>>>>

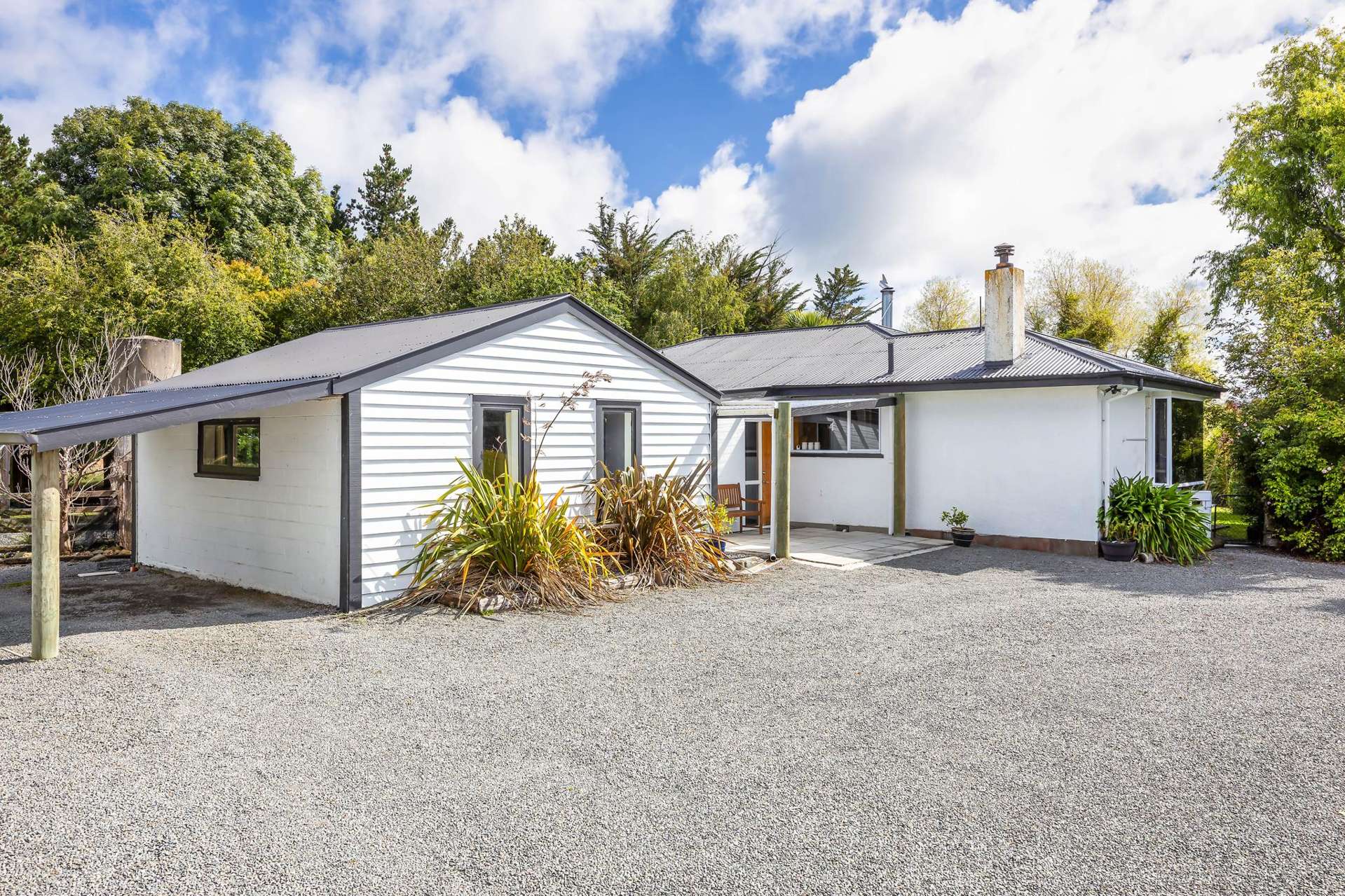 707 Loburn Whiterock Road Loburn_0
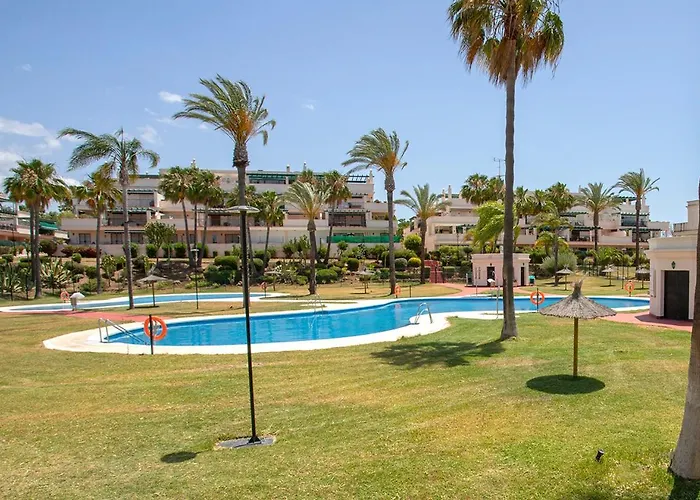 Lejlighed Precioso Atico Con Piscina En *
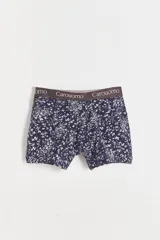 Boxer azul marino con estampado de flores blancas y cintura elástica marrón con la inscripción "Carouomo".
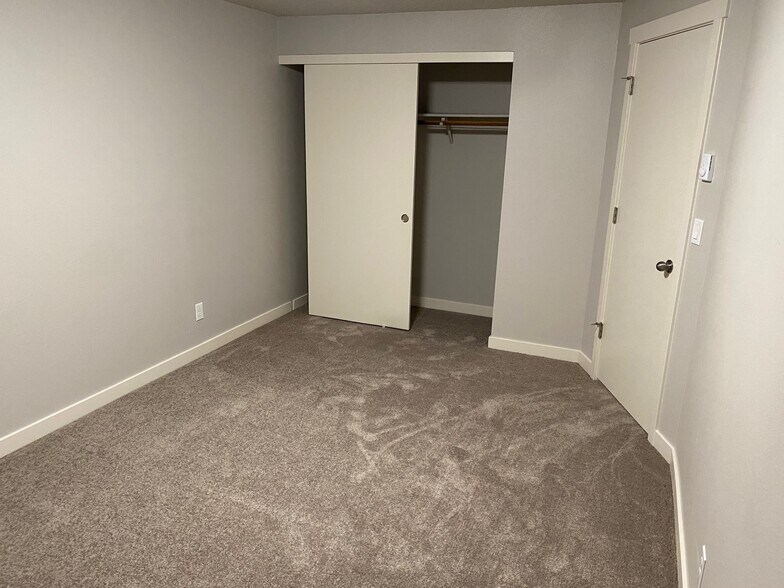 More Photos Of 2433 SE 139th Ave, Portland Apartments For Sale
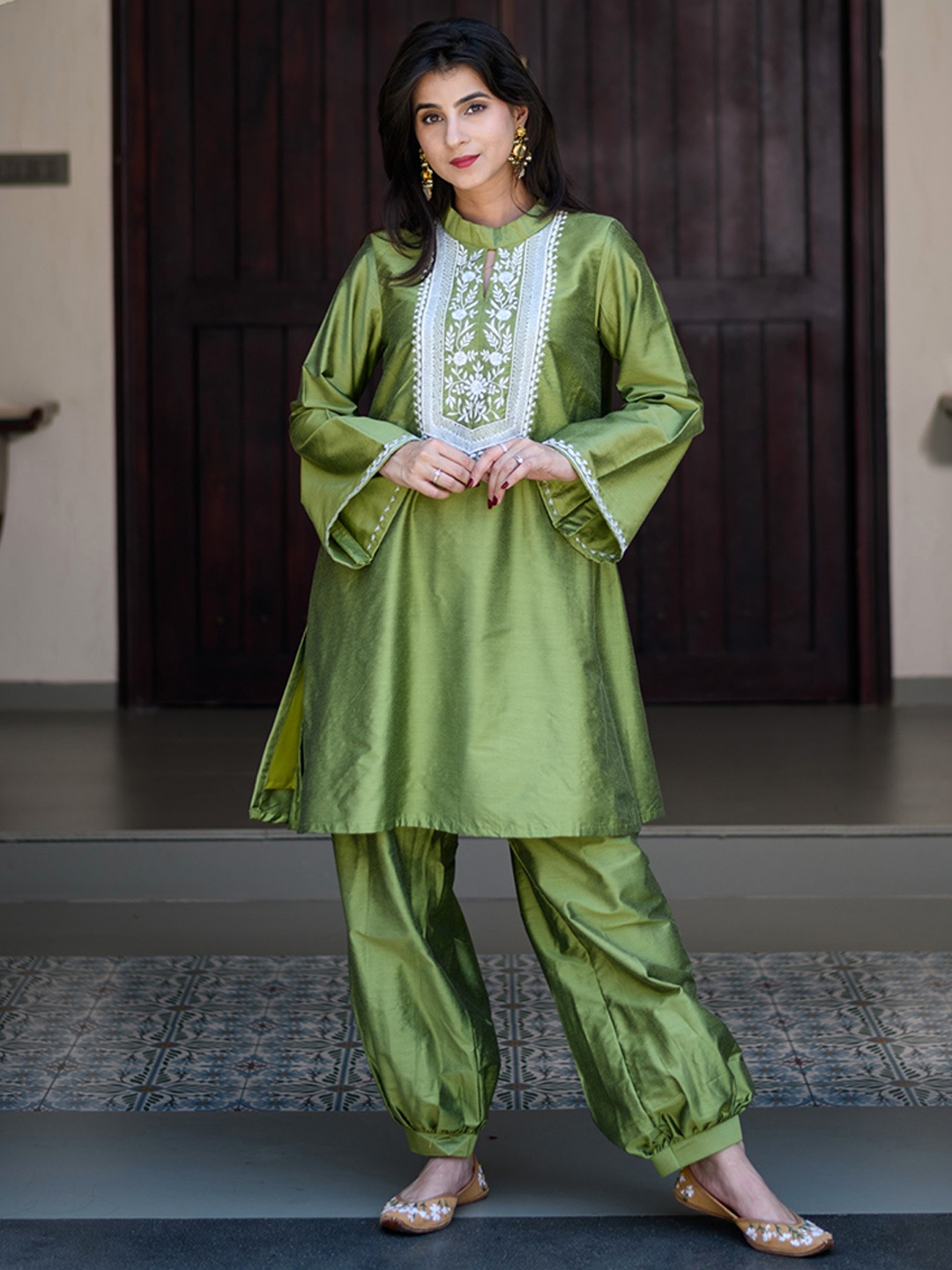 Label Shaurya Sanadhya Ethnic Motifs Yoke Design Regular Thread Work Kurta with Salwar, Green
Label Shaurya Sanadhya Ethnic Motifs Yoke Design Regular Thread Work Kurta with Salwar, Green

<<<<

— Aim of the exercise —
Give the records back exactly. Leave the pictures out.

— Task answer —
 707 Loburn Whiterock Road Loburn_0
 Lejlighed Precioso Atico Con Piscina En *
 Boxer azul marino con estampado de flores blancas y cintura elástica marrón con la inscripción "Carouomo".
 More Photos Of 2433 SE 139th Ave, Portland Apartments For Sale
 Label Shaurya Sanadhya Ethnic Motifs Yoke Design Regular Thread Work Kurta with Salwar, Green
Label Shaurya Sanadhya Ethnic Motifs Yoke Design Regular Thread Work Kurta with Salwar, Green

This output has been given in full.